** DATA BELOW follows **

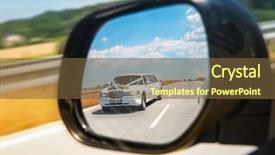  Presentation with mirror reflection - Cool new presentation design with looking windshield - reflection of wedding car backdrop and a tawny brown colored foreground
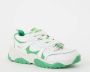 Axel Arigato Low-Top Sneakers Dames Catfish Lo Wit Smaragd in wit - Thumbnail 2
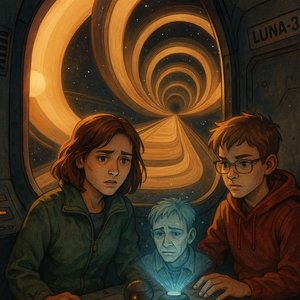 Corridor in Saturn's rings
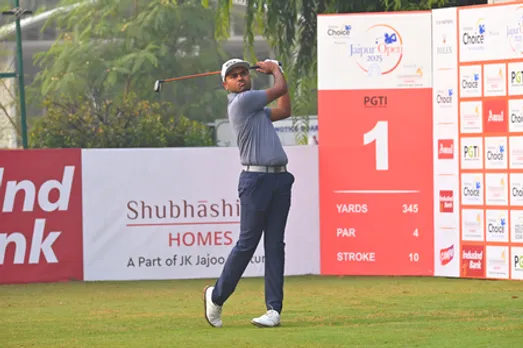 Teenager Manoj S. shoots 63 for the first-round lead of the Jaipur Open 2025 the next event on the Professional Golf Tour of India (PGTI). Photo credit: PGTI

** End of DATA BELOW **

## PROBLEM DESCRIPTION
The whole listing above needs to be copied exactly; please keep the pictures out.

## RESPONSE TO THIS TASK
  Presentation with mirror reflection - Cool new presentation design with looking windshield - reflection of wedding car backdrop and a tawny brown colored foreground
 Axel Arigato Low-Top Sneakers Dames Catfish Lo Wit Smaragd in wit - Thumbnail 2
 Corridor in Saturn's rings
 Teenager Manoj S. shoots 63 for the first-round lead of the Jaipur Open 2025 the next event on the Professional Golf Tour of India (PGTI). Photo credit: PGTI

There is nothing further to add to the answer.